Have enabled SSL on z/OS XCOM instance for ACF2 (SECURITY=ACF2) using certificates stored within the ACF2 keyring.
When attempting to initiate transfers getting the following error on the initiating side:

008850 IDSECURE   XCOMM0811I STARTING SECURE TCP/IP CONNECTION TO PORT=08045, IP=xxx.xxx.xxx.xxx
008850 IDSECURE   XCOMM0813I SECURE TCP/IP CONNECTION REQUESTED WITH DEST=**NONE**, PORT=08045, IP=xxx.xxx.xxx.xxx
008850 IDSECURE   XCOMM0780E Txpi  319: IRRSDL00 USERID=<USER1  > KEYRING=<RINGNAME> SAF_RC=8 RACF_RC=8 RACF_RSN=8
008850 IDSECURE   XCOMM0093E ERROR ACTIVATING SESSION - SESSION NOT ESTABLISHED
             IPv4-SSL   XCOMM0780E Txpi  319: IRRSDL00 USERID=<> KEYRING=<RINGNAME> SAF_RC=8 RACF_RC=8 RACF_RSN=8
             IDSECURE   XCOMM0818I SECURE TCP/IP CONNECTION ENDED WITH IP=xxx.xxx.xxx.xxx
             IPv4-SSL       XCOMM0818I SECURE TCP/IP CONNECTION ENDED WITH IP=xxx.xxx.xxx.xxx

• XCOM™ Data Transport® for z/OS
• ACF2™ for z/OS
• IBM RACF

This page for IRRSDL00 indicates RACF_RSN=8 (RACF Reason code 8) which means "Not RACF-authorized to use the requested service.": See IBM  Return and reason codes

The error is due to the fact that the keyring has been setup for the XCOM started task user but the batch logon user USER1 is being used to access it.
The root cause of that behaviour is unrelated to the actual SSL/keyring settings and rather it is due to the combination of the XCOM USEROVR and USERPRO parameter values being used.

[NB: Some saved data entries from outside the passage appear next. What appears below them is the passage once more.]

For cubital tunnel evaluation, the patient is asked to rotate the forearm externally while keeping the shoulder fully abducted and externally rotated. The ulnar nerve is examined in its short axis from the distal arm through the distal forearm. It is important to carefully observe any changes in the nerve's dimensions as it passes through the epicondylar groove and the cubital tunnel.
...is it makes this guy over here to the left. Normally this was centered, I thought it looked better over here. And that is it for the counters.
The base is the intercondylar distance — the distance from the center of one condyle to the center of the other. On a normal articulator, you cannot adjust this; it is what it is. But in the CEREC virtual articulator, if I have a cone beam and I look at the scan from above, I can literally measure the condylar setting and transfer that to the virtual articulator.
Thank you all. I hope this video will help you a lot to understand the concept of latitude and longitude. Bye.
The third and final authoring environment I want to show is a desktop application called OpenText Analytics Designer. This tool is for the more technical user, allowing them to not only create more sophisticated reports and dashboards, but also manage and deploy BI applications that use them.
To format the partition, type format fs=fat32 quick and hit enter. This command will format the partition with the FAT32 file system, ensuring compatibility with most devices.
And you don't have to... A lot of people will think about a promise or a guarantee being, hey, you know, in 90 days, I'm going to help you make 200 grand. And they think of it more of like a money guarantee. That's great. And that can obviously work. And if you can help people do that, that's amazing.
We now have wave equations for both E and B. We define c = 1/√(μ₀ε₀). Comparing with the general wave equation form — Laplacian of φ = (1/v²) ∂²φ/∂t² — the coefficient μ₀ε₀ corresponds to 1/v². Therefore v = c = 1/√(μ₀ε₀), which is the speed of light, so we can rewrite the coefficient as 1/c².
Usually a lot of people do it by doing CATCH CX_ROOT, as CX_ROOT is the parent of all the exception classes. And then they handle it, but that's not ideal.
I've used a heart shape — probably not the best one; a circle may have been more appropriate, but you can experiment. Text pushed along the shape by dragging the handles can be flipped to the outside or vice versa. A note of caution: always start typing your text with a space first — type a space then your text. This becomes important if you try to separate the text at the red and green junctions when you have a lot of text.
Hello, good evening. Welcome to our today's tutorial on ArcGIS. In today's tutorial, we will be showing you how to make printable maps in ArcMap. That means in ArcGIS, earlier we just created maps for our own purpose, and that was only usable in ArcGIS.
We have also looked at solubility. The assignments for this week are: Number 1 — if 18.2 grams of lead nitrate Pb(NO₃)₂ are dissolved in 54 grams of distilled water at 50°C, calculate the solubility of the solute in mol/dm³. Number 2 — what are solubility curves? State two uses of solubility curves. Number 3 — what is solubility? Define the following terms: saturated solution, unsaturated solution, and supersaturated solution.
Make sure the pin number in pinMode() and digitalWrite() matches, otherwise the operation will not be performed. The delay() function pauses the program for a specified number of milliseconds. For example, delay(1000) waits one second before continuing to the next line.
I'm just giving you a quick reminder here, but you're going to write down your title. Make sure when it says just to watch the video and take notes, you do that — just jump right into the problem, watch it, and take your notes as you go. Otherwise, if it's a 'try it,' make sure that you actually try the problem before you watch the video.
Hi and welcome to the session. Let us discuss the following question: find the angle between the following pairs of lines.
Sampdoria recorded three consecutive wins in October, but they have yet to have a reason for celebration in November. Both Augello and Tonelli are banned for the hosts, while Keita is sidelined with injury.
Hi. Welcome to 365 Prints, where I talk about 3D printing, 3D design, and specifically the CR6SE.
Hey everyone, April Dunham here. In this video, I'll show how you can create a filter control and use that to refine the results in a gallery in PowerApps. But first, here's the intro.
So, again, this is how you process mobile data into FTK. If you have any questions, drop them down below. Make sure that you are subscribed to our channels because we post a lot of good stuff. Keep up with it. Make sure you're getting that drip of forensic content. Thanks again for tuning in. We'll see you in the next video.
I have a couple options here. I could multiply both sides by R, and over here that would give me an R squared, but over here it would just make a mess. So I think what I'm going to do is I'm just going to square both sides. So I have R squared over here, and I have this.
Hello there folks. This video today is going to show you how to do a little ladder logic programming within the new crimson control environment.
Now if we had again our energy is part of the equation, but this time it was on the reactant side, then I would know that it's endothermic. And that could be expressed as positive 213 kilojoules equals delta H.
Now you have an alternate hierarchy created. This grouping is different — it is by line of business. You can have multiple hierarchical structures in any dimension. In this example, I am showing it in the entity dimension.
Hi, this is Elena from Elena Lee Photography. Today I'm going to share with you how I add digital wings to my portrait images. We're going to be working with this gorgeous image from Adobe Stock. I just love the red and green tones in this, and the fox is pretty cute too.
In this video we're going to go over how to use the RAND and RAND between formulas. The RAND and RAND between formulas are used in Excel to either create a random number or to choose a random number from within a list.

Currently USEROVR=NO and USERPRO=YES which means the transfer will ignore any LUSER parameter set and instead it will use the user id for the TYPE=SCHEDULE batch job.
To use different credentials, specify USEROVR=YES and USERPRO=YES and provide the appropriate LUSER/LPASS parameters for the required credentials for the transfer.